TO DO:
Wherever the line with "UP6773-C1-Metal Alloy-Midnight Black" sits in the listing below, transcribe from it up to and including the line with "Grafis yang menakjubkan", exactly, and leave the remaining lines out.

PROVIDED DATA:
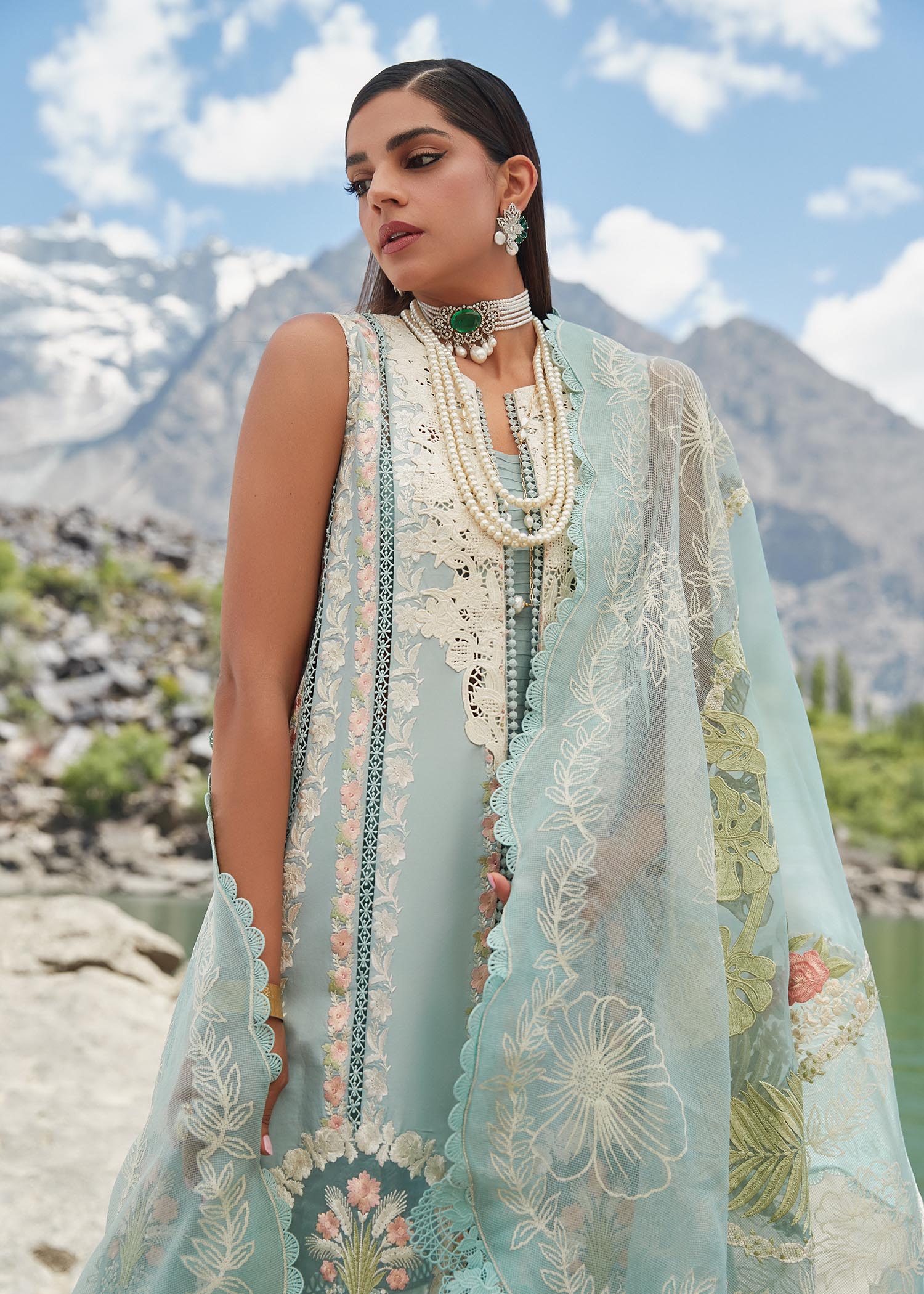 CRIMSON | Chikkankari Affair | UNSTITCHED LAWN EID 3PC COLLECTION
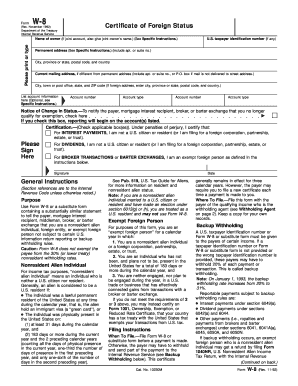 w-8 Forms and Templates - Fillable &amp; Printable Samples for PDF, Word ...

==

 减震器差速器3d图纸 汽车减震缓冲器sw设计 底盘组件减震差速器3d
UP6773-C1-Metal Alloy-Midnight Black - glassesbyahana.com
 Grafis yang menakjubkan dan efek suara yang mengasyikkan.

---

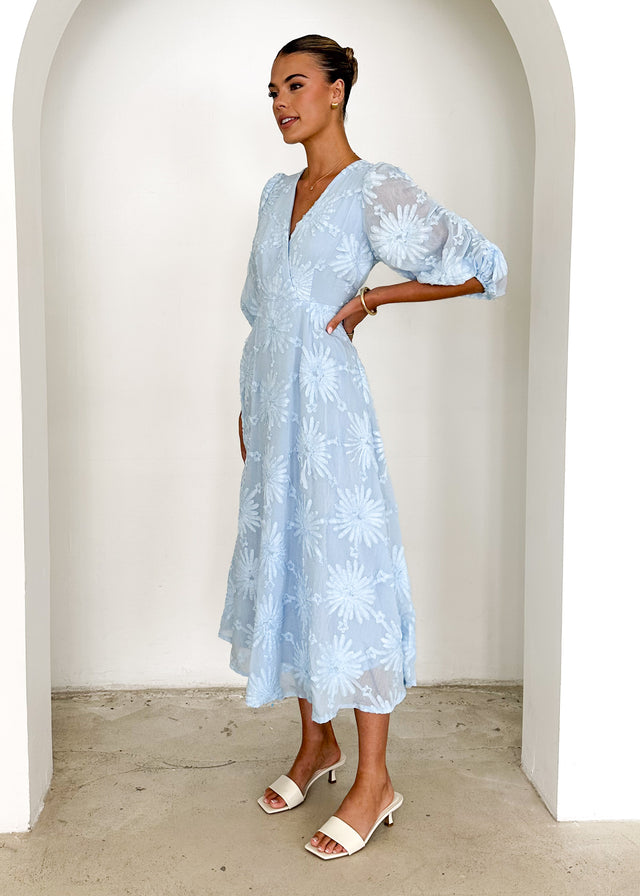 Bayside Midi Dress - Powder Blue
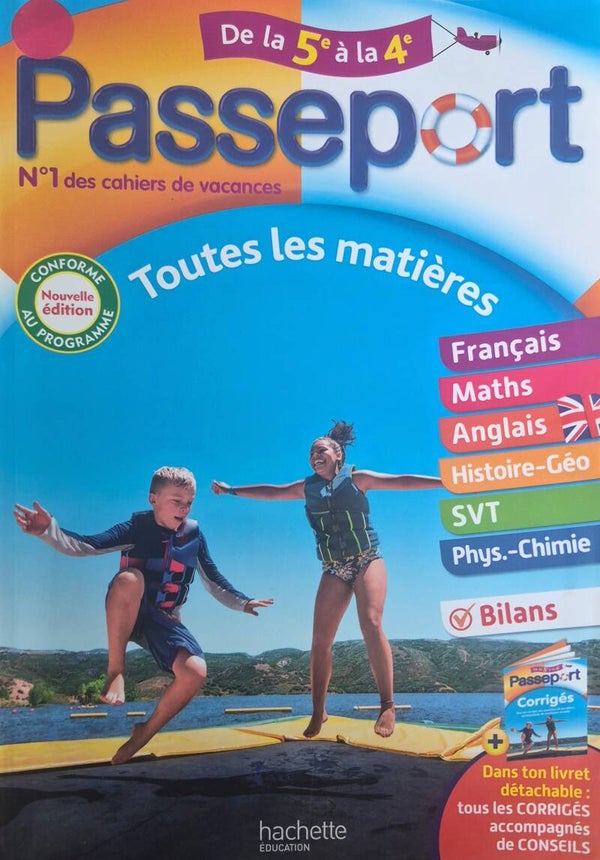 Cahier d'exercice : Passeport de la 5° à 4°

RESULT OF THE EXERCISE:
UP6773-C1-Metal Alloy-Midnight Black - glassesbyahana.com
 Grafis yang menakjubkan dan efek suara yang mengasyikkan.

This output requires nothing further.